The Courier & Advertiser (Fife Edition)
Montrose input into honouring heroic airman
Eric ‘Winkle’ Brown is to be immortalised outside Edinburgh Airport
Montrose Air Station has played a key role in a statue plan to honour Scottish Second World War hero pilot Eric ‘Winkle’ Brown.
Edinburgh University Air Squadron Group made a plea for help after sculptor David Annand from Cupar requested information on typical RAF aircrew flying gear of the 1930s.
Mr Annand, whose work includes the bronze Declaration of Arbroath statue, wanted the sculpture to show Winkle dressed in full RAF flying gear as if striding out to his aircraft to fly.
Dr Dan Paton, the curator of Montrose Air Station Heritage Centre, said the flying clothing would have to be correct for the period.

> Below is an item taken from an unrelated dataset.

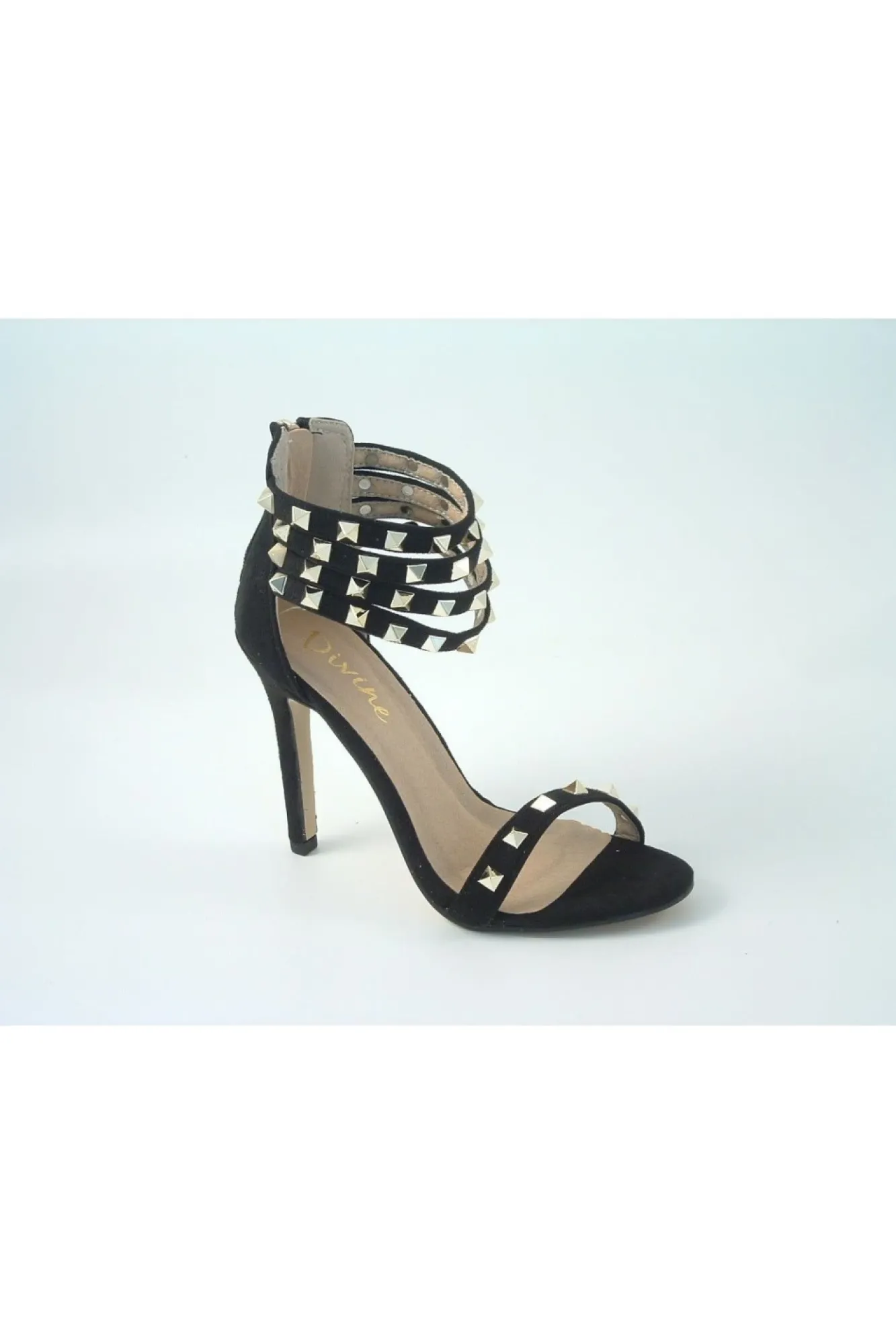 Sandals^Glitz Shoes Rockstar Studded Strap Heeled Sandal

“I thought it would be an honour to be associated with such a project,” he said.
“Winkle Brown must certainly be rated as the most famous pilot of his generation which produced so many great pilots.
“Of course, we have to remember that he was a RN pilot but at the time the photograph was taken in 1937 there was no Fleet Air Arm and all RN pilots were trained by the RAF, in this case at RAF Turnhouse, now Edinburgh Airport.

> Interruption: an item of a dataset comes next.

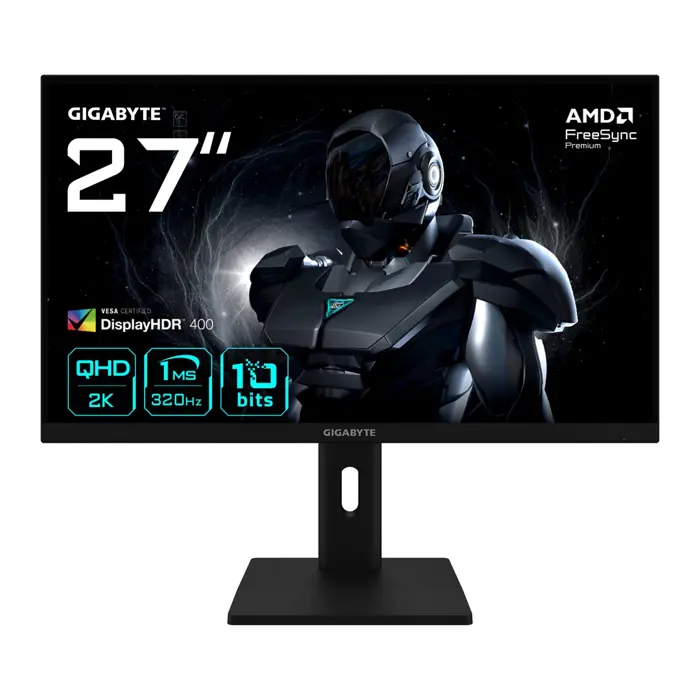GIGABYTE G27Q3 27” 2K QHD Gaming Monitor - 2560 x 1440, 320Hz, 1ms, 350 cd/m², FreeSync Premium, Display HDR400, HDMI 2.0, Displayport 1.4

“Consequently he would have been wearing RAF flying clothing and equipment.
“I set out to identify what he was wearing on the photo and whether we had it in our collection at Montrose.”
Brown’s statue is going to be mounted at the entrance to Edinburgh Airport.
Brown, who died in 2016 aged 97, flew 487 different types of aircraft, made 2,407 deck landings at sea and 2,721 take-offs, which are world records unlikely ever to be broken.
Brown flew every major combat aircraft of the Second World War including gliders, fighters, bombers, airliners, amphibians, flying boats and helicopters, and his contribution to aviation research covered transonic flight, assessment of German jets and rocket aircraft, rotary wing flight, and the first carrier decklanding of a jet aircraft.
Astronaut Tim Peake described Brown as the “greatest test pilot who ever lived”.
He also helped liberate the BergenBelsen concentration camp and used his language skills at the Nuremburg trials.